### WHAT IS NEEDED
Every line below should be repeated exactly as written.

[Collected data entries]
=== Section Start ===

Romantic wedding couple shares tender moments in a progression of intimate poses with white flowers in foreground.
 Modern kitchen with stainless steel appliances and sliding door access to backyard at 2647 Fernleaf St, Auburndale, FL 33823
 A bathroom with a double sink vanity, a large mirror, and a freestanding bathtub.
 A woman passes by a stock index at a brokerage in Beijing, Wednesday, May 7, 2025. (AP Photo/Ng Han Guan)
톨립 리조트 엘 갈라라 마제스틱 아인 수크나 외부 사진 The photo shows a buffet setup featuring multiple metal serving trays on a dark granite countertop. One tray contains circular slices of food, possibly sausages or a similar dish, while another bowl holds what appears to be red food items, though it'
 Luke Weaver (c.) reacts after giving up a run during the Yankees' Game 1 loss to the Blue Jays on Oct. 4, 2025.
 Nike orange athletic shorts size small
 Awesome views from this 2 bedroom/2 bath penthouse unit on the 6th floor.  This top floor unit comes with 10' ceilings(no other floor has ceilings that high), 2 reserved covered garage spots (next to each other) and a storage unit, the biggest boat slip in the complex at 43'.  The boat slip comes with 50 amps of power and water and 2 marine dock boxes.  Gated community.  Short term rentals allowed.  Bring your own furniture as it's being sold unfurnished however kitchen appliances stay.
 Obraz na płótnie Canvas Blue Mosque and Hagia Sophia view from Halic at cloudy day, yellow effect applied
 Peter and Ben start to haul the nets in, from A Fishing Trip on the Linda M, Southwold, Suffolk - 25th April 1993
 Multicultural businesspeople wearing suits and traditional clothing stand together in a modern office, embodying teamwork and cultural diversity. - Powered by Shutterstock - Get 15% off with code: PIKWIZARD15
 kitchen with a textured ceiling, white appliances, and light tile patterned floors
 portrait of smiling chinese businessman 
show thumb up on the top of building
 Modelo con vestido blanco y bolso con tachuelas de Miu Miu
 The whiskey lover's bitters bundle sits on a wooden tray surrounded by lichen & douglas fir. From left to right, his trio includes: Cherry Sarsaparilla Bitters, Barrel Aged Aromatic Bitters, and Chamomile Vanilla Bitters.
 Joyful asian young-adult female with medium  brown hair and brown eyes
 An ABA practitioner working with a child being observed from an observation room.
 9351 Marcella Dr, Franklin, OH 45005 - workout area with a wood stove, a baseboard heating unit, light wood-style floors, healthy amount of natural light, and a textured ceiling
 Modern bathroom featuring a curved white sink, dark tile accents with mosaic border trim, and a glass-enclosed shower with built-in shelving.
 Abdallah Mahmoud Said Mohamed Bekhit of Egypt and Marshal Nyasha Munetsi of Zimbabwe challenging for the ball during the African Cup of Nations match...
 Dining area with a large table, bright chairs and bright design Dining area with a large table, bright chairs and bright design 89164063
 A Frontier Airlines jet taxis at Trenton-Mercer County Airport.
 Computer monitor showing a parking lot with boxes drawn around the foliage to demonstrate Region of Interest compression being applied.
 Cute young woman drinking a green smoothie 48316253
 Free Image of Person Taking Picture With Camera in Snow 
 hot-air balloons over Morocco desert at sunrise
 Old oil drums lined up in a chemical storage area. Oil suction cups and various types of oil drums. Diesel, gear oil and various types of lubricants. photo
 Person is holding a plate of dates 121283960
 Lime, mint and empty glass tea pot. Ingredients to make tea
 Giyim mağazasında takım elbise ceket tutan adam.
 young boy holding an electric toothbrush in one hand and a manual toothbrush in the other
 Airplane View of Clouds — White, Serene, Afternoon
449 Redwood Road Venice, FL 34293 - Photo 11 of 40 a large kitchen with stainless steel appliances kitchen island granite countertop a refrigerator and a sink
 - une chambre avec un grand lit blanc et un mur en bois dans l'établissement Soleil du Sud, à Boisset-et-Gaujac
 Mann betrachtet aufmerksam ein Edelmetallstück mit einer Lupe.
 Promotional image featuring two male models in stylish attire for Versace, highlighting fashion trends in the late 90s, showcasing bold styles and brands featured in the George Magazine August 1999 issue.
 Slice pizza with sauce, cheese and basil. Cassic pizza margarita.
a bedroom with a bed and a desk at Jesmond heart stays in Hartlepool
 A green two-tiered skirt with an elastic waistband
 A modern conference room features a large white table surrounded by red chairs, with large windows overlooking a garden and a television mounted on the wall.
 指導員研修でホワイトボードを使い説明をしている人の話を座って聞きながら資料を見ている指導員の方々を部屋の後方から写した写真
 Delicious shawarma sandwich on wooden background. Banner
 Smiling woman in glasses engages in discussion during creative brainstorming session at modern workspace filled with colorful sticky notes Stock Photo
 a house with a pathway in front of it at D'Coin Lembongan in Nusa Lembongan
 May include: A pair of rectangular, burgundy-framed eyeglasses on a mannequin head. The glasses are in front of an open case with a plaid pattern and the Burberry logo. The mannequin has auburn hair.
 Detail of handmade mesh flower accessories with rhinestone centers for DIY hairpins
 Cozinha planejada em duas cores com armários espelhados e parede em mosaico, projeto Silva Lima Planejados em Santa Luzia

=== Section End ===

### RESULT OF THIS EXERCISE
Romantic wedding couple shares tender moments in a progression of intimate poses with white flowers in foreground.
 Modern kitchen with stainless steel appliances and sliding door access to backyard at 2647 Fernleaf St, Auburndale, FL 33823
 A bathroom with a double sink vanity, a large mirror, and a freestanding bathtub.
 A woman passes by a stock index at a brokerage in Beijing, Wednesday, May 7, 2025. (AP Photo/Ng Han Guan)
톨립 리조트 엘 갈라라 마제스틱 아인 수크나 외부 사진 The photo shows a buffet setup featuring multiple metal serving trays on a dark granite countertop. One tray contains circular slices of food, possibly sausages or a similar dish, while another bowl holds what appears to be red food items, though it'
 Luke Weaver (c.) reacts after giving up a run during the Yankees' Game 1 loss to the Blue Jays on Oct. 4, 2025.
 Nike orange athletic shorts size small
 Awesome views from this 2 bedroom/2 bath penthouse unit on the 6th floor.  This top floor unit comes with 10' ceilings(no other floor has ceilings that high), 2 reserved covered garage spots (next to each other) and a storage unit, the biggest boat slip in the complex at 43'.  The boat slip comes with 50 amps of power and water and 2 marine dock boxes.  Gated community.  Short term rentals allowed.  Bring your own furniture as it's being sold unfurnished however kitchen appliances stay.
 Obraz na płótnie Canvas Blue Mosque and Hagia Sophia view from Halic at cloudy day, yellow effect applied
 Peter and Ben start to haul the nets in, from A Fishing Trip on the Linda M, Southwold, Suffolk - 25th April 1993
 Multicultural businesspeople wearing suits and traditional clothing stand together in a modern office, embodying teamwork and cultural diversity. - Powered by Shutterstock - Get 15% off with code: PIKWIZARD15
 kitchen with a textured ceiling, white appliances, and light tile patterned floors
 portrait of smiling chinese businessman 
show thumb up on the top of building
 Modelo con vestido blanco y bolso con tachuelas de Miu Miu
 The whiskey lover's bitters bundle sits on a wooden tray surrounded by lichen & douglas fir. From left to right, his trio includes: Cherry Sarsaparilla Bitters, Barrel Aged Aromatic Bitters, and Chamomile Vanilla Bitters.
 Joyful asian young-adult female with medium  brown hair and brown eyes
 An ABA practitioner working with a child being observed from an observation room.
 9351 Marcella Dr, Franklin, OH 45005 - workout area with a wood stove, a baseboard heating unit, light wood-style floors, healthy amount of natural light, and a textured ceiling
 Modern bathroom featuring a curved white sink, dark tile accents with mosaic border trim, and a glass-enclosed shower with built-in shelving.
 Abdallah Mahmoud Said Mohamed Bekhit of Egypt and Marshal Nyasha Munetsi of Zimbabwe challenging for the ball during the African Cup of Nations match...
 Dining area with a large table, bright chairs and bright design Dining area with a large table, bright chairs and bright design 89164063
 A Frontier Airlines jet taxis at Trenton-Mercer County Airport.
 Computer monitor showing a parking lot with boxes drawn around the foliage to demonstrate Region of Interest compression being applied.
 Cute young woman drinking a green smoothie 48316253
 Free Image of Person Taking Picture With Camera in Snow 
 hot-air balloons over Morocco desert at sunrise
 Old oil drums lined up in a chemical storage area. Oil suction cups and various types of oil drums. Diesel, gear oil and various types of lubricants. photo
 Person is holding a plate of dates 121283960
 Lime, mint and empty glass tea pot. Ingredients to make tea
 Giyim mağazasında takım elbise ceket tutan adam.
 young boy holding an electric toothbrush in one hand and a manual toothbrush in the other
 Airplane View of Clouds — White, Serene, Afternoon
449 Redwood Road Venice, FL 34293 - Photo 11 of 40 a large kitchen with stainless steel appliances kitchen island granite countertop a refrigerator and a sink
 - une chambre avec un grand lit blanc et un mur en bois dans l'établissement Soleil du Sud, à Boisset-et-Gaujac
 Mann betrachtet aufmerksam ein Edelmetallstück mit einer Lupe.
 Promotional image featuring two male models in stylish attire for Versace, highlighting fashion trends in the late 90s, showcasing bold styles and brands featured in the George Magazine August 1999 issue.
 Slice pizza with sauce, cheese and basil. Cassic pizza margarita.
a bedroom with a bed and a desk at Jesmond heart stays in Hartlepool
 A green two-tiered skirt with an elastic waistband
 A modern conference room features a large white table surrounded by red chairs, with large windows overlooking a garden and a television mounted on the wall.
 指導員研修でホワイトボードを使い説明をしている人の話を座って聞きながら資料を見ている指導員の方々を部屋の後方から写した写真
 Delicious shawarma sandwich on wooden background. Banner
 Smiling woman in glasses engages in discussion during creative brainstorming session at modern workspace filled with colorful sticky notes Stock Photo
 a house with a pathway in front of it at D'Coin Lembongan in Nusa Lembongan
 May include: A pair of rectangular, burgundy-framed eyeglasses on a mannequin head. The glasses are in front of an open case with a plaid pattern and the Burberry logo. The mannequin has auburn hair.
 Detail of handmade mesh flower accessories with rhinestone centers for DIY hairpins
 Cozinha planejada em duas cores com armários espelhados e parede em mosaico, projeto Silva Lima Planejados em Santa Luzia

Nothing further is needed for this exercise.